◆ Supplied entries
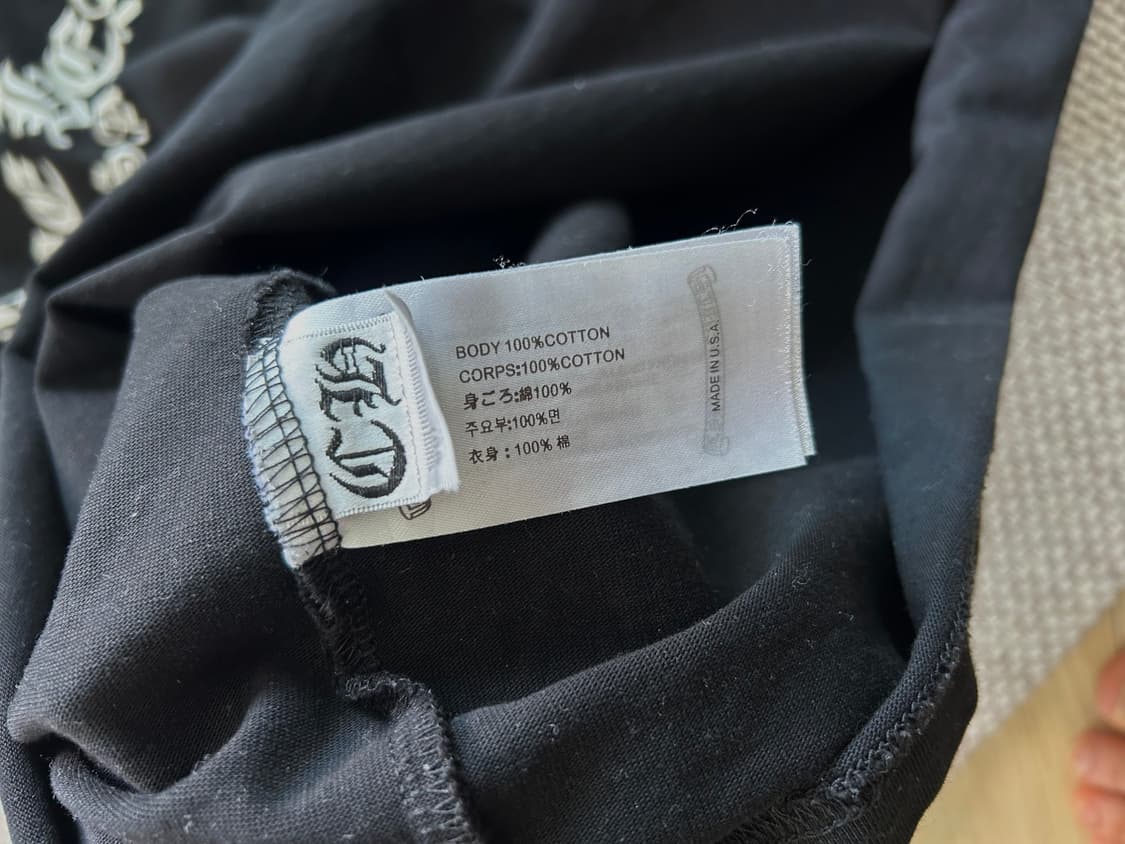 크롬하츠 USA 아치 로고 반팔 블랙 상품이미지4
==
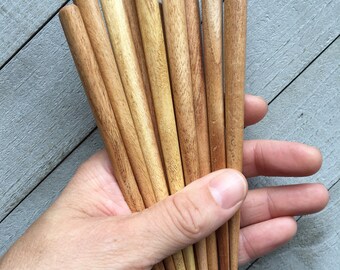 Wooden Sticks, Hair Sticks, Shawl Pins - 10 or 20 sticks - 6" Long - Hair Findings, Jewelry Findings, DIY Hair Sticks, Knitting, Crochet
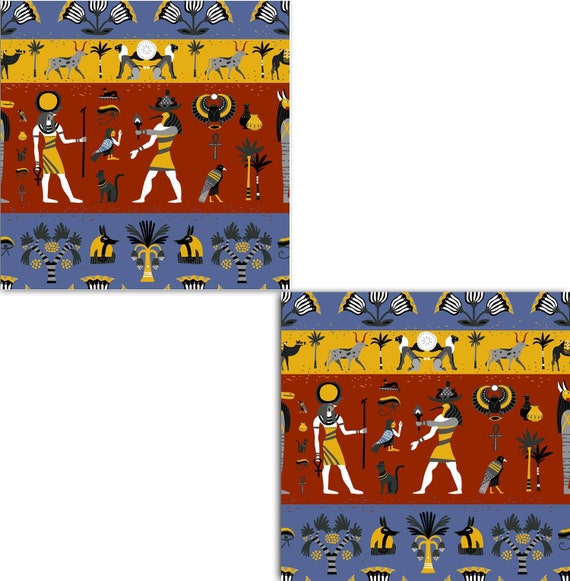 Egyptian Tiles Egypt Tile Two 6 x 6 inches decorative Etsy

◆ The problem
Reproduce the lines above beginning at the line that contains "Wooden Sticks, Hair" and ending at the line that contains "Egyptian Tiles Egypt". No pictures.

◆ Written solution
 Wooden Sticks, Hair Sticks, Shawl Pins - 10 or 20 sticks - 6" Long - Hair Findings, Jewelry Findings, DIY Hair Sticks, Knitting, Crochet
 Egyptian Tiles Egypt Tile Two 6 x 6 inches decorative Etsy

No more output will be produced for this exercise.